Mr. Franklin embarked on what he described as a “bold and arduous Project” to identify the standard for – and achieve – perfection. He was, after all, an avid and accomplished scientist and inventor, was he not? Hence he compiled a list of 13 Virtues and developed a report card of sorts, to annotate those times he failed to meet a standard for any given virtue. He would literally record his daily missteps.
Imagine doing that today. I, personally, don’t think I would be pleased with my results. My scorecard would likely compare to a really bad day on the golf course. Then, again, who’s keeping score? Well, Mr. Franklin did, and he found he could not pass his own test. Oh, he wanted to, and he tried really hard – probably harder than most – yet, ultimately, even inevitably, he fell short. Regardless, he believed he was a better person, a better member of society, for having set course and sailed.
What follows are the 13 Virtues Mr. Franklin identified and his corresponding definitions. Some of mine are on his list; some are not. I encourage you to create your own lists and endeavor to hold yourselves to account. Mr. Franklin, by his own admission, was imperfect. Not one of us has, nor ever will achieve perfection over the course of our lives; hence, we will always live in an imperfect world. But, if we embrace a greater sense of purpose, aspire to be people of great character, and resolve to inspire others to do the same, our society will be “better” than it otherwise would. Now, if that could be our legacy!
As Mr. Franklin said, “I hope, therefore, that some of my descendants may follow the example and reap the benefit.”
- Temperance. Eat not to dullness; drink not to elevation.
- Silence. Speak not but what may benefit others or yourself; avoid trifling conversation.
- Order. Let all your things have their places; let each part of your business have its time.
- Resolution. Resolve to perform what you ought; perform without fail what you resolve.
- Frugality. Make no expense but to do good to others or yourself; i.e. waste nothing.
- Industry. Lose no time; be always employ’d in something useful; cut off all unnecessary actions.
- Sincerity. Use no hurtful deceit; think innocently and justly, and, if you speak, speak accordingly.
- Justice. Wrong none by doing injuries, or omitting the benefits that are your duty.

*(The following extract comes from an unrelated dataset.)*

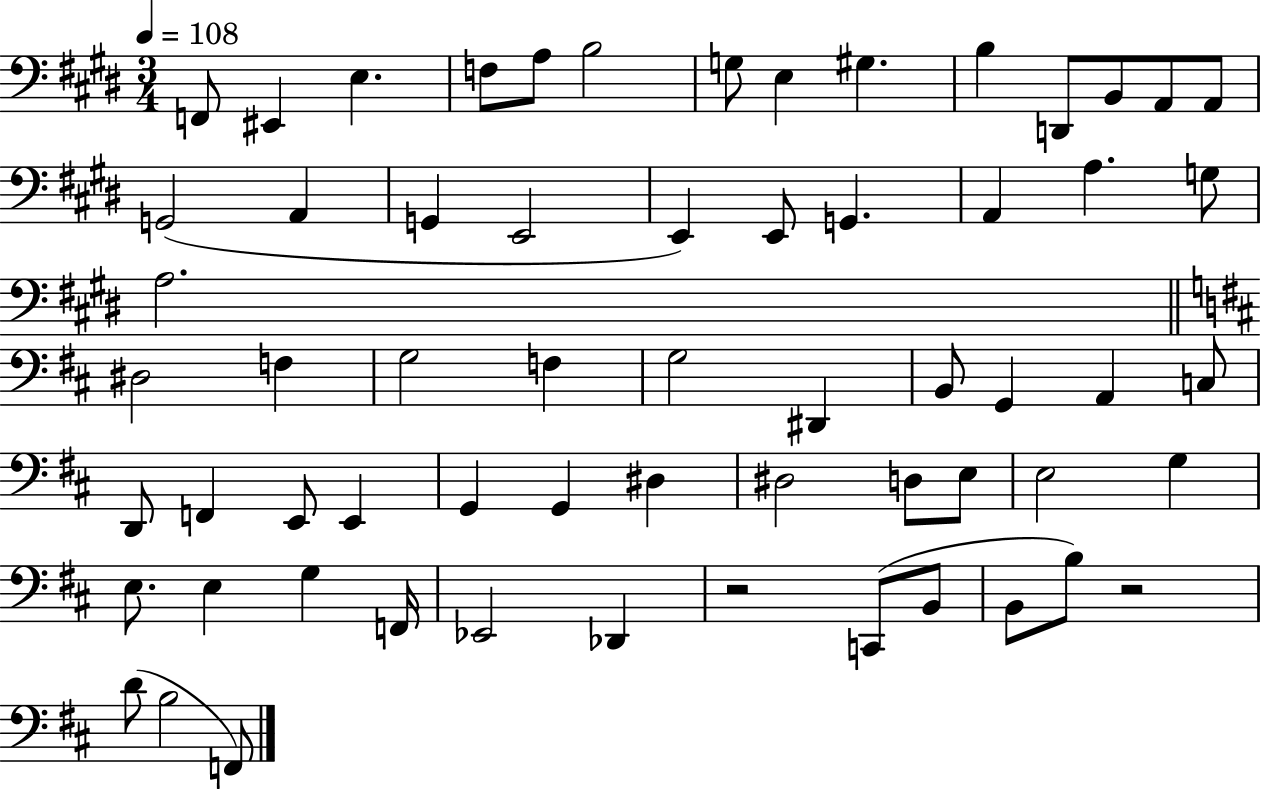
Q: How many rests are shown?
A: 2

- Moderation. Avoid extremes; forbear resenting injuries so much as you think they deserve.
- Cleanliness. Tolerate no uncleanliness in body, cloathes, or habitation.
- Tranquility. Be not disturbed at trifles, or at accidents common or unavoidable.
- Chastity. Rarely use venery but for health or offspring, never to dullness, weakness, or the injury of your own or another’s peace or reputation.
- Humility. Imitate Jesus and Socrates.